According to testimonies heard during a Texas House committee hearing, school districts do not appropriately inform parents of the lack of filters and uses for the devices and apps their children have access to or have been issued by their schools.
House Bill 2673, filed by State Rep. Lacey Hull (R–Houston), would establish programs, promote parents as partners in cybersecurity and online safety, and require the installation of an internet filter that blocks and prohibits obscene material.
According to Hull, the Texas Education Agency would be required to develop standards for school-issued devices.
These standards include minimizing the collection of students’ personal data, ensuring parental consent for online mental assessments, and the use of an internet filter capable of notifying administrators and parents if the student accesses inappropriate or concerning content.
The standards set forth by districts must also include the assurance of direct and informed parental consent when it comes to school-issued devices and apps.
“HB 2673 requires districts to adopt rules establishing programs, promoting parents as partners in cybersecurity and online safety and requiring the installation of an internet filter that blocks and prohibits obscene material before transferring a device to a student,” explained Hull.
Carrie Moore of Texas Education 911 testified in favor of Hull’s legislation.
HB 2673 would prevent possible loopholes parents may not currently see or understand when it comes to devices that are sent home with children, Moore testified.
“I’m very concerned that our kids are coming home with devices,” said Moore. “But any bill that would enable more transparency that would enable parents to feel more secure about what is coming home with their kids and how it’s going to be used, and how what will prevent the kids from finding the loopholes in there, is just fantastic.”
According to Moore, schools are “grilling” children constantly over their mental, physical, and emotional states, requiring them to take multiple comprehensive tests on those matters.
“We’re asking these kids over and over again how they feel and why they feel it,” said Moore. “We’re expecting them to be adults on this topic.
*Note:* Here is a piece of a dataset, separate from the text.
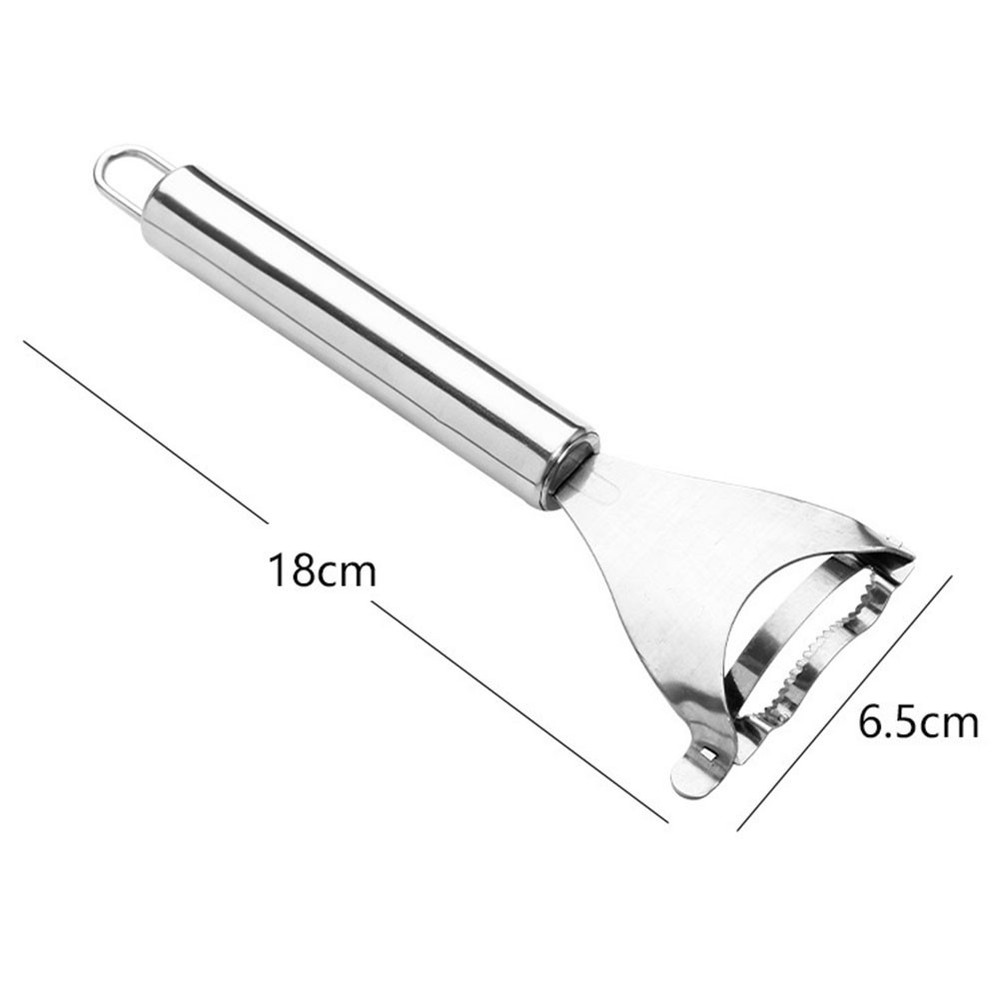 Stainless Steel Corn Peeler for Efficient and Quick Corn Kernel Removal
I don’t know very many kids that can quite assess if they are feeling more empathetic today than they were yesterday. They’re gonna go, ‘Happy, happy, happy, sad, happy, happy, happy, sad.’”
During his testimony, Lee Spiller, executive director of Citizens Commission on Human Rights in Texas, said, “Some of these apps use keywords and some of them claim to use AI or machine learning to tell whether a kid is depressed, self-harming, using drugs, et cetera. If people are going to assess you that way, you want to know about it, [and] your parents want to know about it.”
As an example, Spiller referenced an emoji-based app called Rhithm, which assesses children on their mental and emotional state. Rhithm is used across Texas at multiple schools, Spiller said.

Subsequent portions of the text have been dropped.